I’ve begun referring to success patterns as Being Agile and anti-patterns as Doing Agile. Doing Agile refers to organizations who fail to move beyond the simpler trappings of agility: iterations, daily stand up meetings, etc. Being Agile refers to organizations whose inherent values, behaviors, and guiding principles exhibit the essence and spirit of agility: adaptive, evolutionary, value driven, and quality driven development. Organizations that ARE agile also DO agile; but the inverse is not necessarily true. Many organizations are decidedly non-agile while still utilizing many agile practices.
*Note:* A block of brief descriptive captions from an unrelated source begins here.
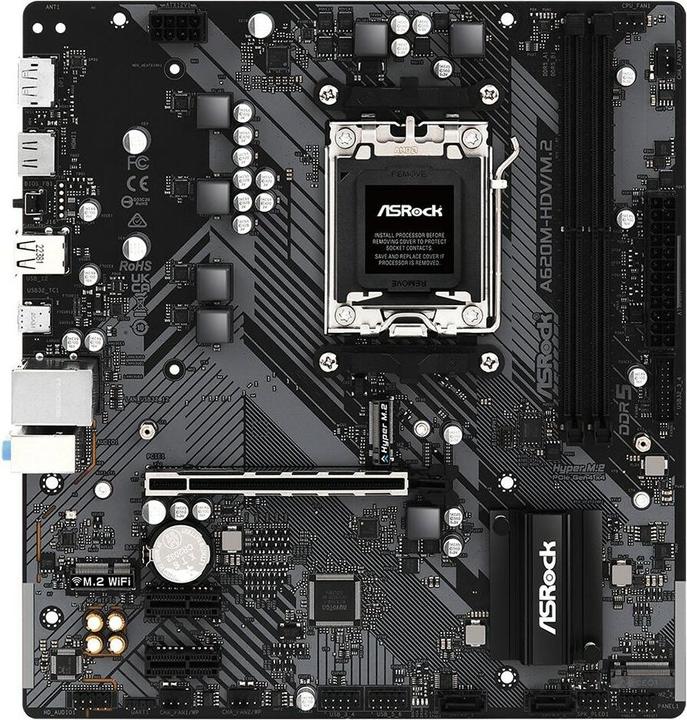 AsRock A620M-HDV/M.2 (AM5, AMD A620, mATX)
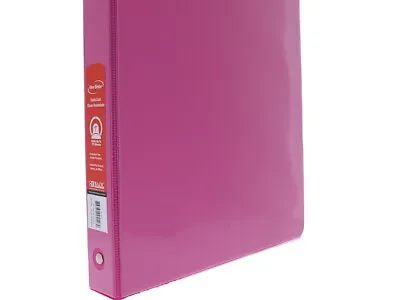 $69.95 • Buy 24 Binders 1 Inch 1  - NEW - 2 Pocket 3 Ring Binder Folders Pink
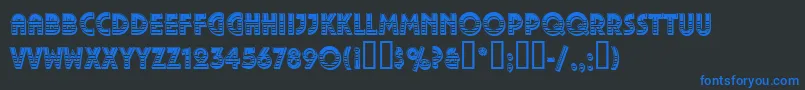 PizzicatoDecorativeRegular Font – Blue Fonts on Black Background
Foremost Agile development is about continuously adapting to change and evolving toward the right solution, not necessarily the planned solution. Adapting and evolving should be celebrated, yet many agile organizations continue to view deviations from the plan as a negative. No doubt, change is disruptive and uncomfortable. It means telling stakeholders that our previous projections were somehow wrong. However, truly agile organizations understand that early projections are based on everyone’s best judgement in spite of loads of uncertainty. They are delighted when the collaborative process unravels this uncertainty early, and the projections are revised in light of newer and better information. Such organizations enable and encourage the kinds of effective collaboration between software creators, users, and planners that help them to refine and revise their projections as early and frequently as possible.
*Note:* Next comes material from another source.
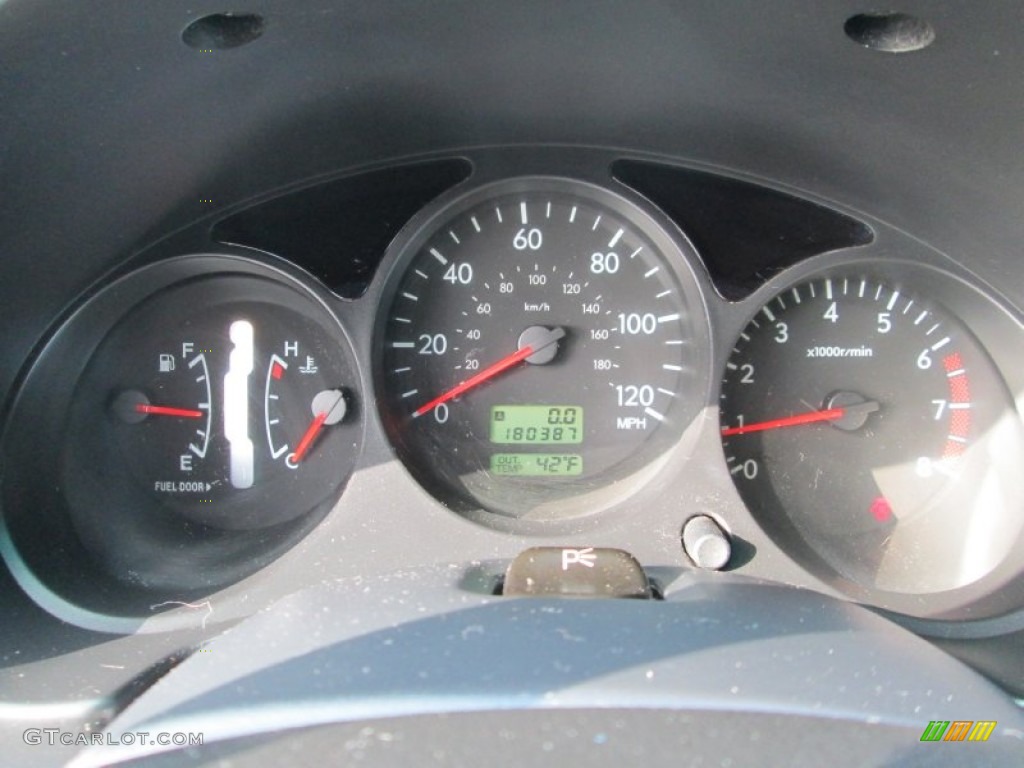 2003 Subaru Forester 2.5 XS Gauges Photo #99316876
Adapting and evolving requires active engagement with customers and users of the solution. Without customer collaboration the feedback loop is incomplete and there is nothing to which we can adapt. Unfortunately, real customer collaboration is messy and difficult. We might get conflicting demands. We might have to throw away work. It takes time away from development. They might not make the time to truly review features. There are lots of reasons that many agile teams rely too heavily on product managers, product owners, and business analysts and fail to actually spend time with real end users of the system under development. Unfortunately, these roles are a poor substitute for real customer collaboration.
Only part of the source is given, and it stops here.